Since the 1980s, when women increasingly started to return to work after giving birth, some child development experts have warned that daycare can affect children’s social and emotional development.

Academics such as Professor Jay Belsky have argued that early childcare can pose a developmental risk for aggression and other problems.

Longitudinal studies that started in the 1990s  - such as the NICHD Early Child Care Research Network - have suggested that long amounts of time in any form of non-maternal care during a child’s early years increase the risk for aggression and other problems.

Psychological scientist associate professor Eric Dearing from Boston College, lead author of the study, said, ‘Three decades of follow-up studies have only further fueled this debate.

‘While some studies indicate that beginning care early in life and attending for long hours leads to high levels of behavior problems, such as elevated aggression, other studies indicate no risk associated with child care.’

Professor Dearing and colleagues from the Norwegian Centre for Child Behavioural Development at the University of Oslo, Henrik Daae Zachrisson and Ane Nærde, followed 939 children from six months to four years attending Early Childhood Education and Care centres.

In Norway most parents have up to a year of parental leave and children enroll in childcare in August, but start at different ages depending on when they were born.

The researchers used this as ‘a natural randomizer’, because a child’s birth month, rather than their parents’ preferences, determined when they would start daycare. So, for example, a child born in August would start at 12 months, but a child born in February would be 18 months old at the time of the August enrollment.

Researchers interviewed parents about their child’s time in daycare at six months and then at one, two, three and four years of age.
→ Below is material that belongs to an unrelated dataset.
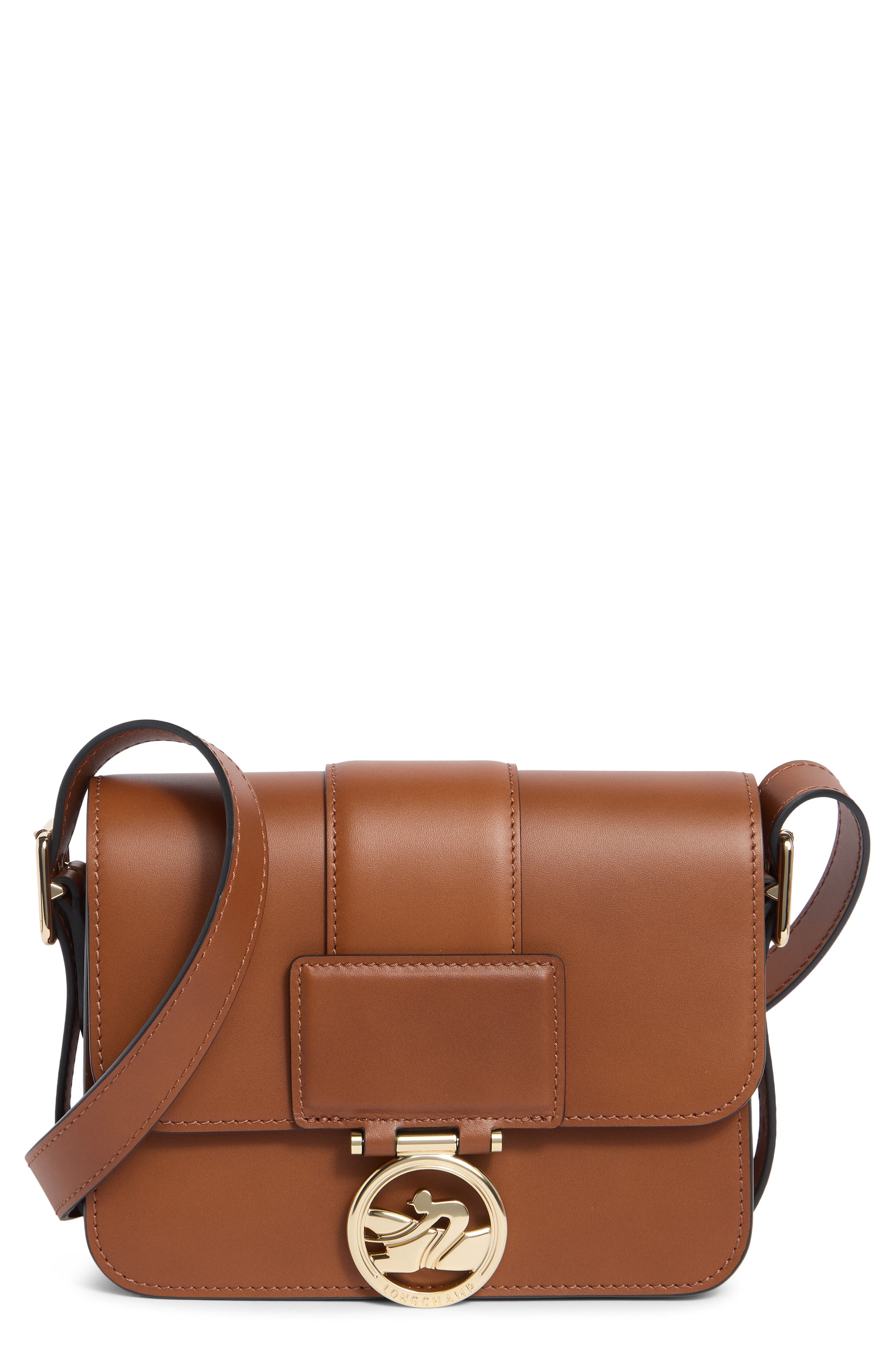 Small Boxtrot Leather Crossbody Bag, Main, color, COGNAC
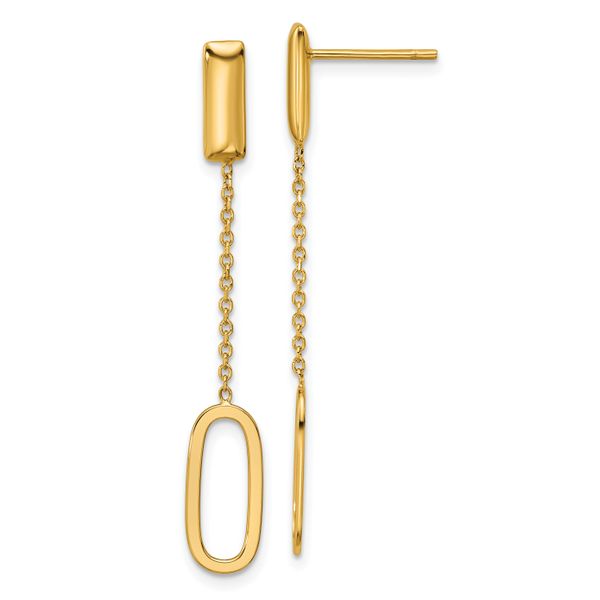 Leslie's 14K Polished Elongated Oval and Bar Post Dangle Earrings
Each year the child’s daycare provider would report on signs of aggressive behaviours, such as biting, hitting, pulling hair, pinching and pushing, whether towards other children or adults.

When the children were two-years-old, those who had entered at earlier ages displayed modestly higher levels of aggression than peers who entered later. But, importantly the researchers say, these differences in physical aggression diminished over time - regardless of how much time children spent in daycare.

The authors concluded, ‘If early, extensive, and continuous non-parental care does, in fact, cause high levels of aggression in children, this study suggests that one-year of parental leave, and entry into high-quality center care thereafter, may help prevent such an outcome.’

In fact, spending time with other adults actually improved behaviour.

Professor Dearing said, ‘One surprising finding was that the longer children were in non-parental care, the smaller the effects on aggression became.’

‘At age two, there was some evidence of small effects of early, extensive, and continuous care on aggression,’ Professor Dearing added. ‘Yet, by age four - when these children had been in childcare for two additional years  - there were no measurable effects of childcare in any of our statistical models. This is the opposite of what one would expect if continuous care was risky for young children.’

  • ‘Age of entry into early childhood education and care as a predictor of aggression: faint and fading associations for young Norwegian children’ is published in Psychological Science.